Senate passes massive package to boost U.S. computer chip production
WASHINGTON — The Senate approved a sweeping package Wednesday to boost domestic production of computer chips and help the U.S. stay competitive with China.
The 64-33 vote was a rare bipartisan victory a little more than three months before the crucial November midterms; 17 Republicans joined all Democratic-voting senators in voting yes. The package, known as “CHIPS-plus,” now heads to the House, which is expected to pass it by the end of the week and send it to President Joe Biden for his signature.
"Are we on the brink of another generation of American ingenuity, of American discovery, of American leadership?

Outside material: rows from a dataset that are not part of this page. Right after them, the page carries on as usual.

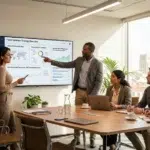 Equipo de especialistas y directivos en un entorno corporativo moderno analizando estrategias reales para mitigar los ataques a pymes y proteger la infraestructura empresarial.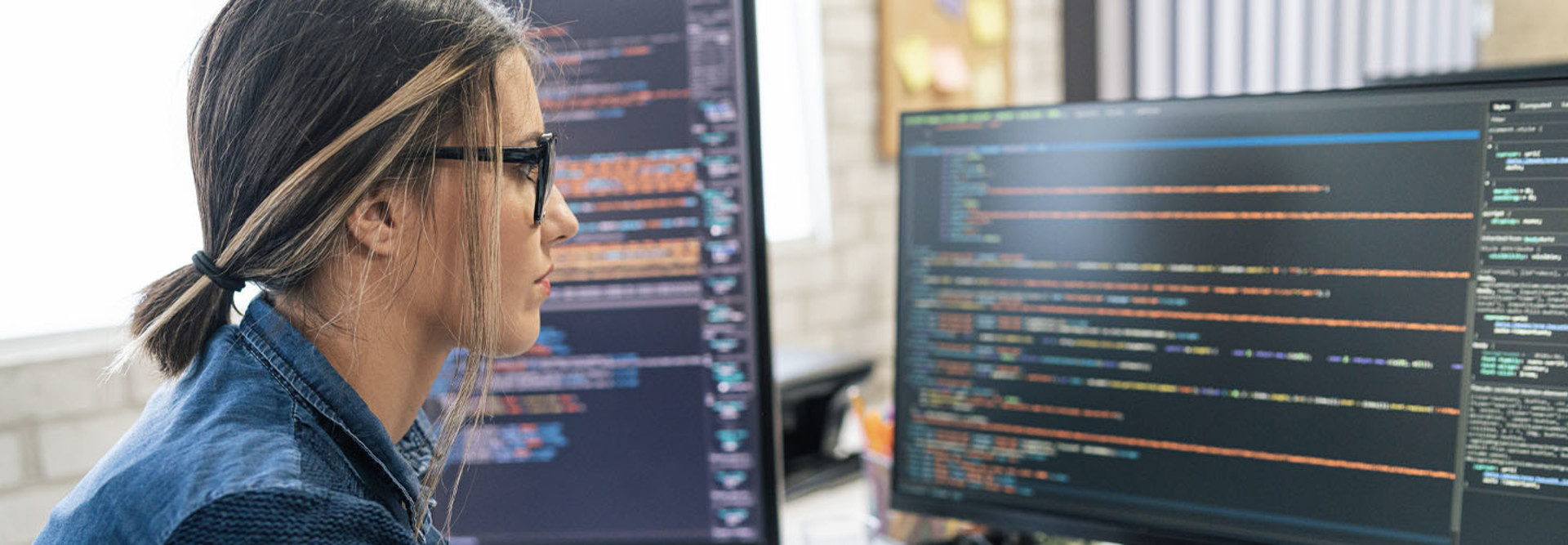 Person coding and programing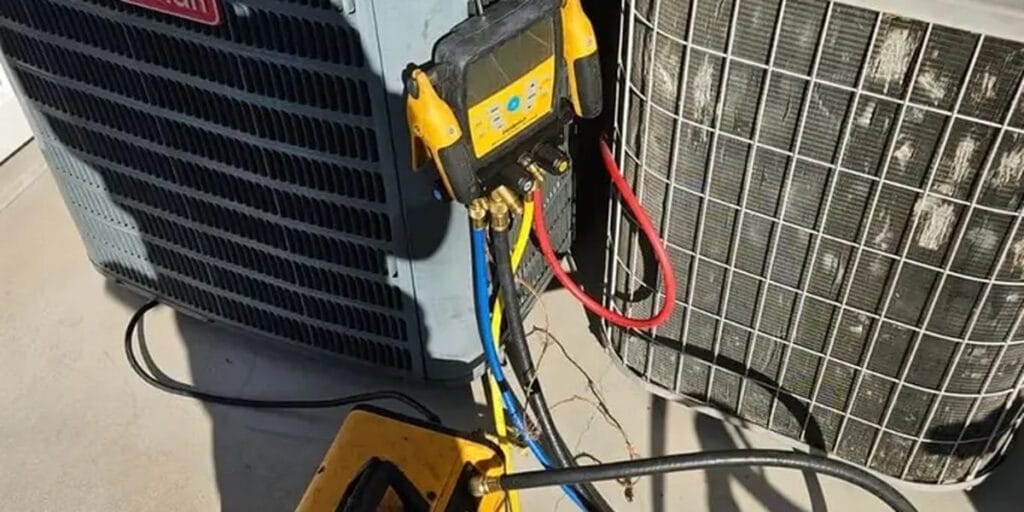 A yellow and blue refrigerant gauge is connected by hoses to a Goodman condenser unit, positioned next to a second unit whose coils are visibly caked in dust.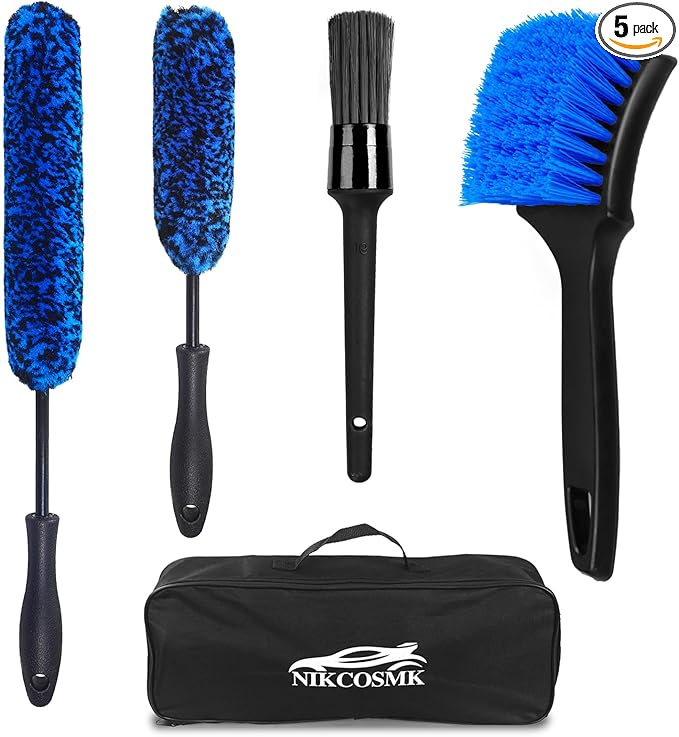 NIKCOSMK Wheel Brush, Wheel & Rim Cleaner Brush, Tire Brush, Wheel Cleaning Brush, Bendable & Durable Car Wheel Brush Set, Car Detailing Brushes, Wheel Brushes for Cleaning Wheels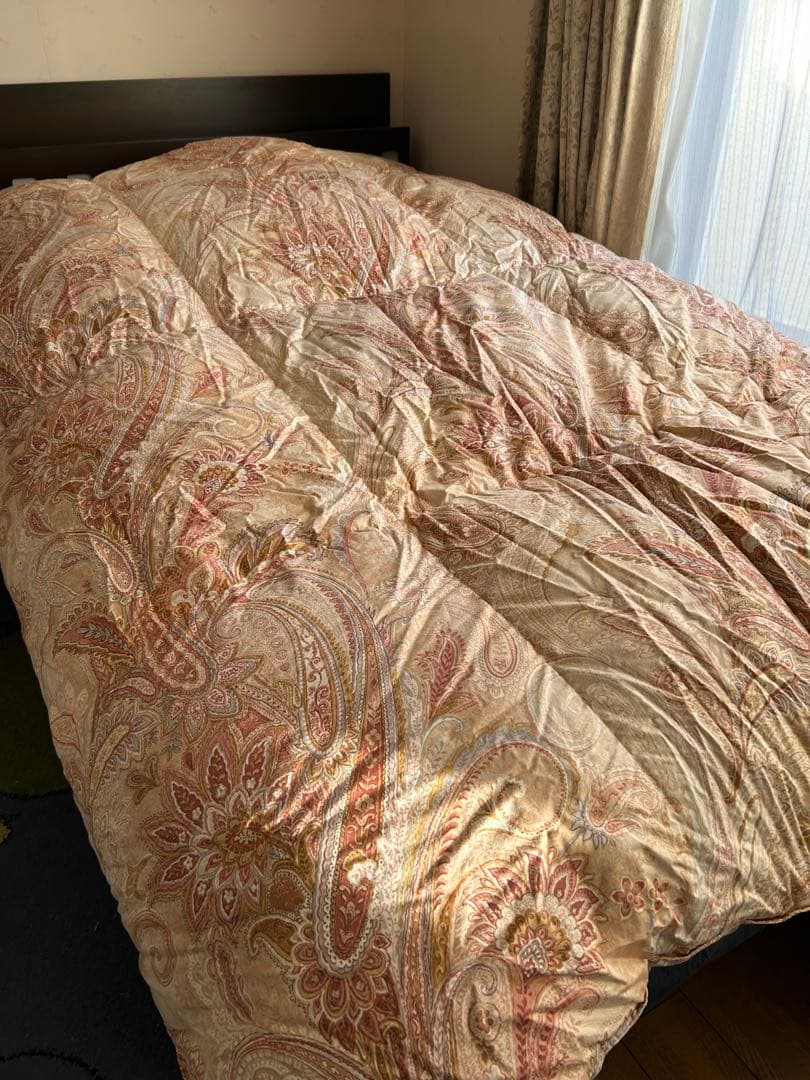 ダウン二層掛けS立体キルトエリゼG150×210超長綿花ペイズリー柄ピンク日本製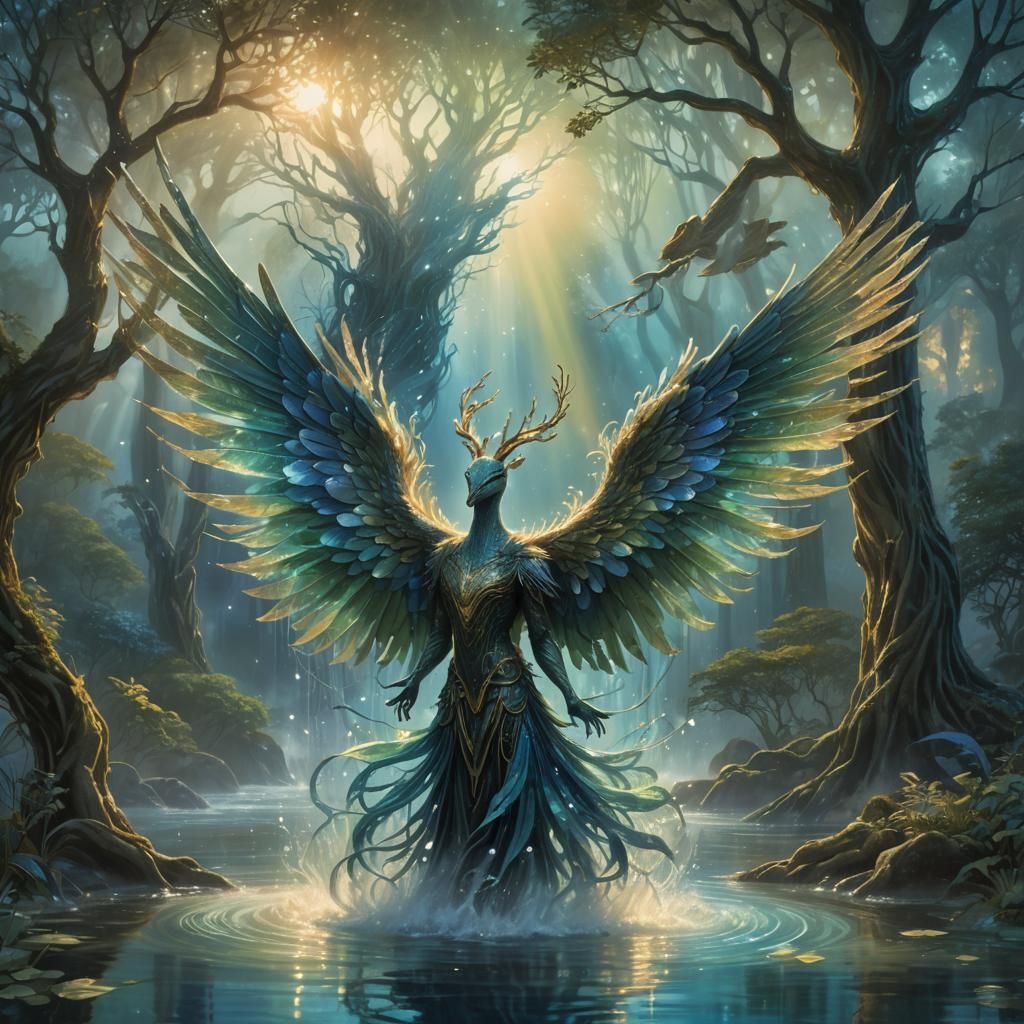 Winged Creature's Descent in Mystical Landscape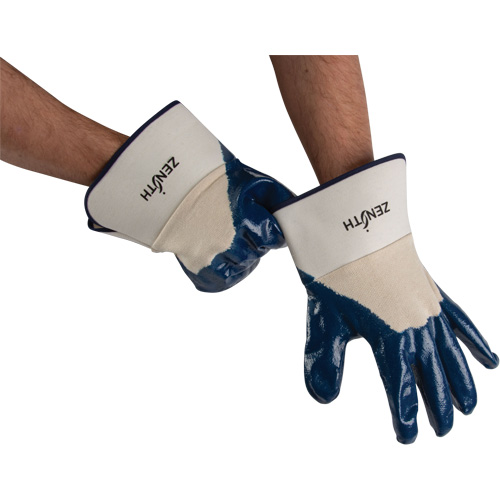 Heavyweight Safety Cuff Gloves, 11/2X-Large, Nitrile Coating, Cotton Shell - Zenith Safety Products 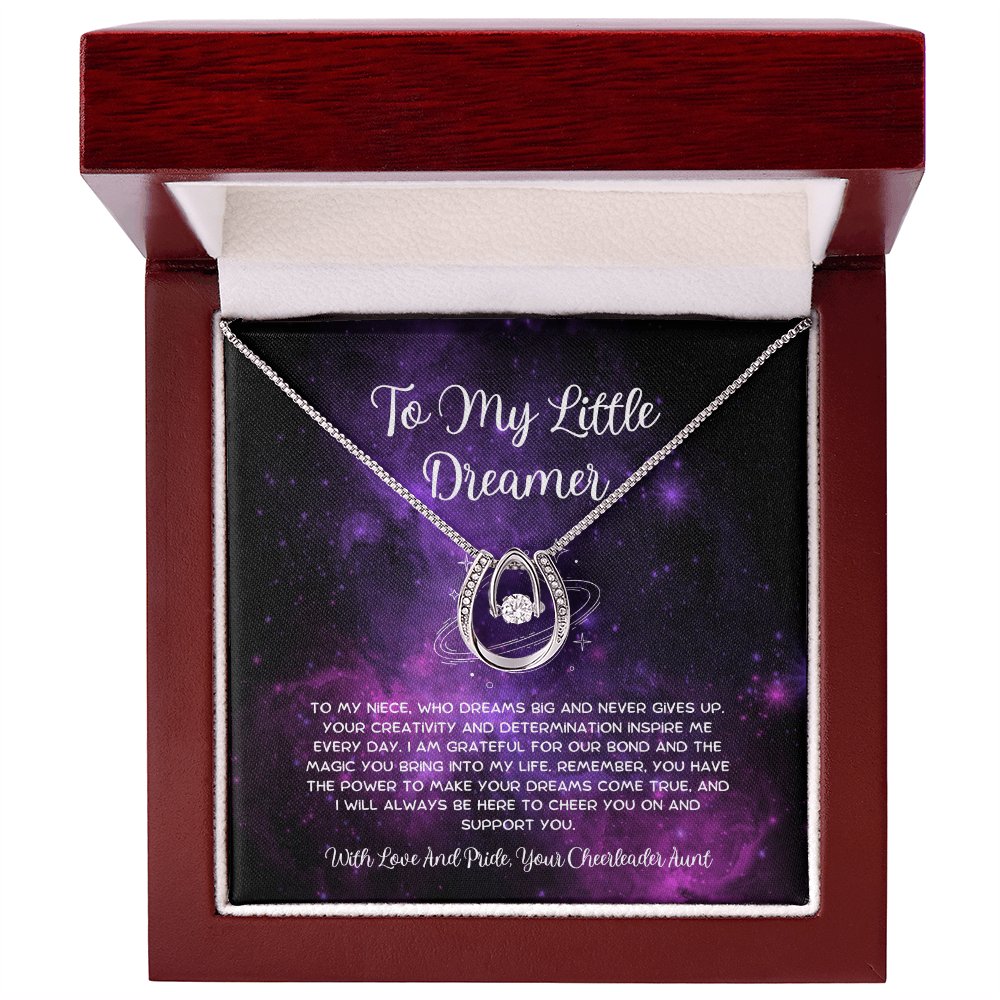 To My Little Dreamer - From Aunt to Niece Lucky In Love Necklace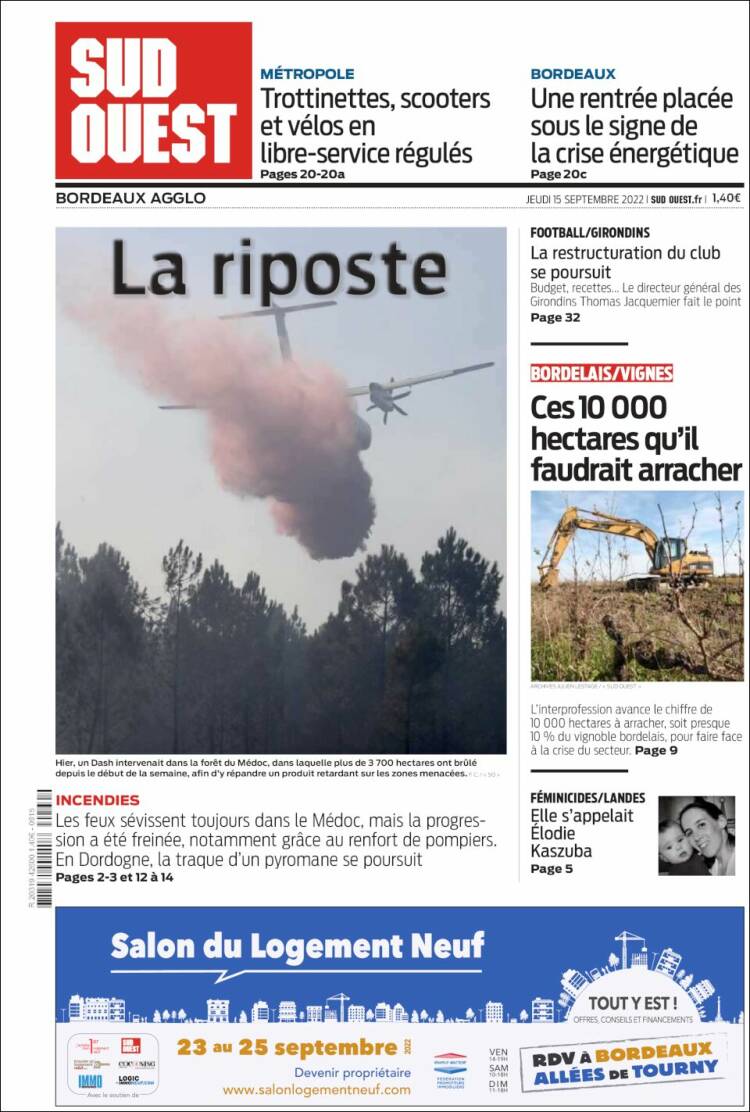 Portada de Sud Ouest (Francia)
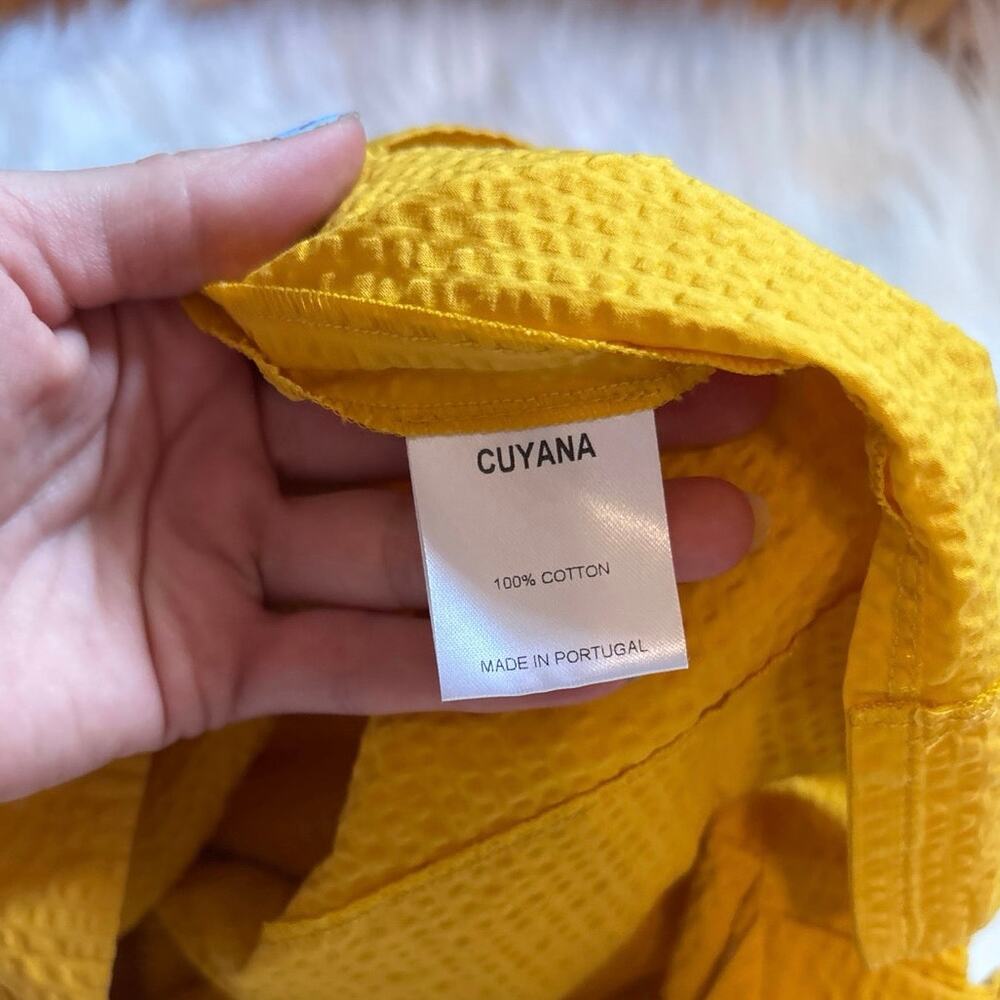Cuyana Yellow One-Shoulder Textured Tank Top - Picture 8 of 9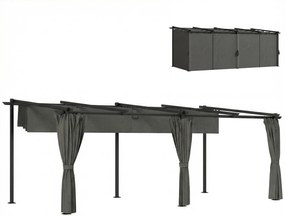 Outsunny Pergolă retractabilă cu perdele laterale, tonelă de grădină din metal cu protecție solară UPF30+, gri închis | Aosom Romania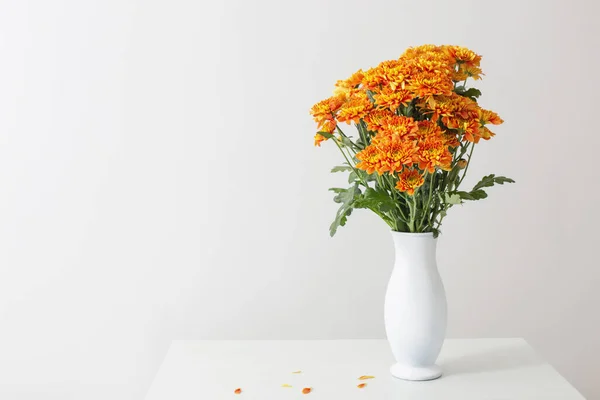 Crisantemi Arancioni Vaso Bianco Fondo Bianco — Foto Stock
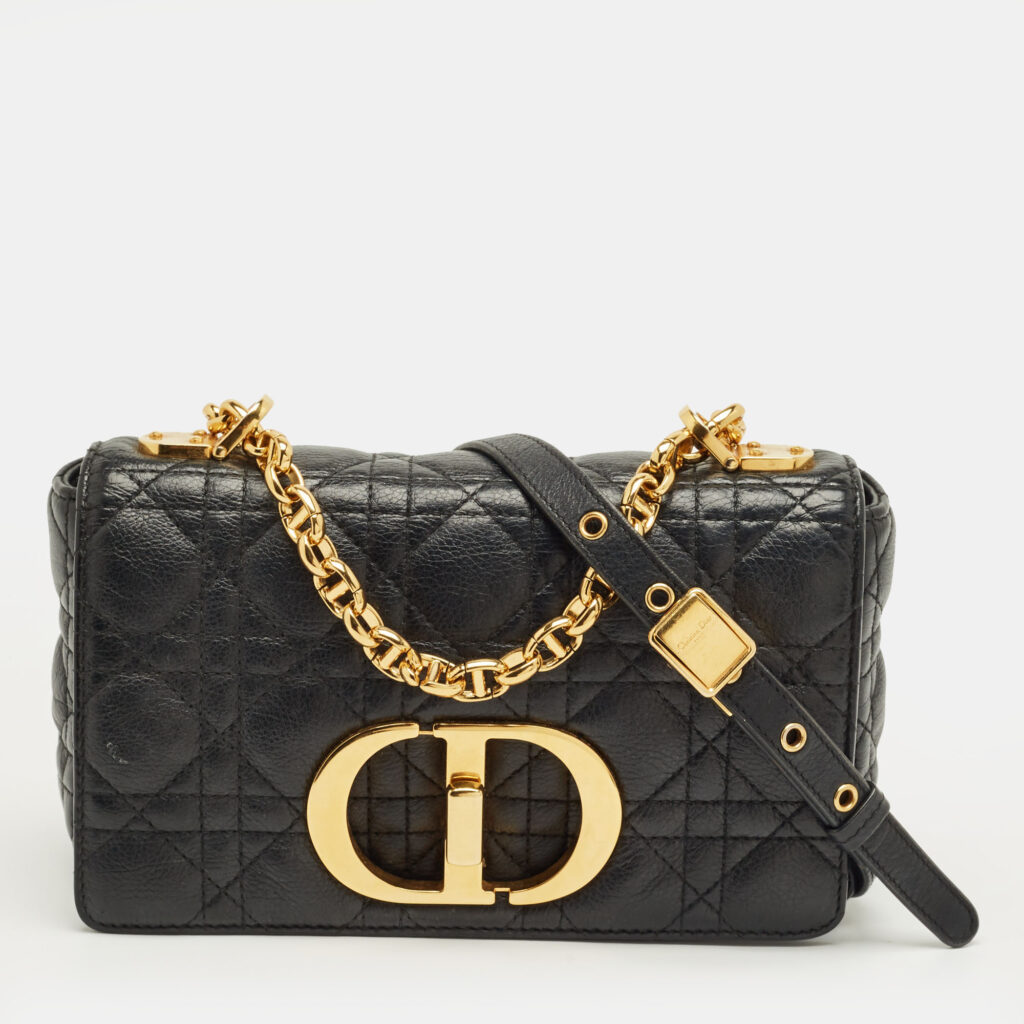 Dior Black Cannage Leather Small Caro Shoulder Bag Dior Black Cannage Leather Small Caro Shoulder Bag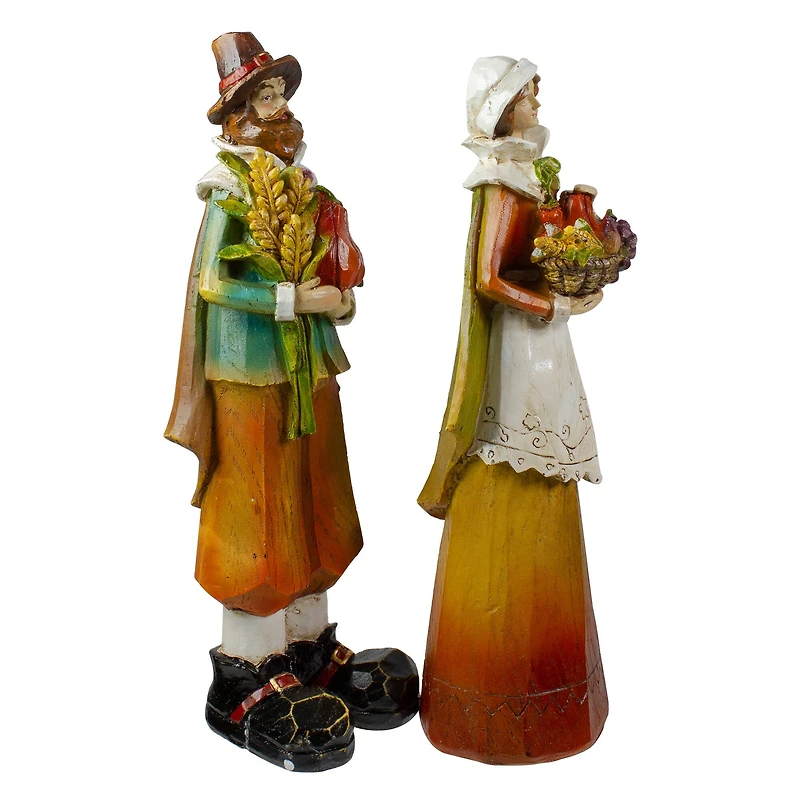 Male & Female Pilgrim Wooden Thanksgiving Figurine Set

By passing our chips and science bill today, the Senate says, ‘Yes, we are,’ and in a loud bipartisan voice," Senate Majority Leader Chuck Schumer, D-N.Y., said on the floor before the vote.
"Today, by approving one of the largest investments in science, technology and manufacturing in decades — in decades — we say that America’s best years are yet to come."
The centerpiece of the package is more than $50 billion in subsidies for domestic semiconductor manufacturing and research.
Supporters on Capitol Hill, as well as key members of Biden’s Cabinet, have argued that making microchips at home — rather than relying on chipmakers in China, Taiwan and elsewhere — is critical to U.S. national security, especially when it comes to chips used for weapons and military equipment.
The package also includes tens of billions of dollars more in authorizations for science and research programs, as well as for regional technology hubs around the country.
The Congressional Budget Office said CHIPS-plus would cost nearly $80 billion over the next decade.
The final chips bill is a slimmed-down version of a much broader China competitiveness package that House and Senate lawmakers had been negotiating. Earlier, the Senate passed its bill, known as USICA, while the House passed its own version, the America COMPETES Act. But lawmakers couldn't resolve their differences, and leading Democrats decided to switch their strategy and scale back the legislation.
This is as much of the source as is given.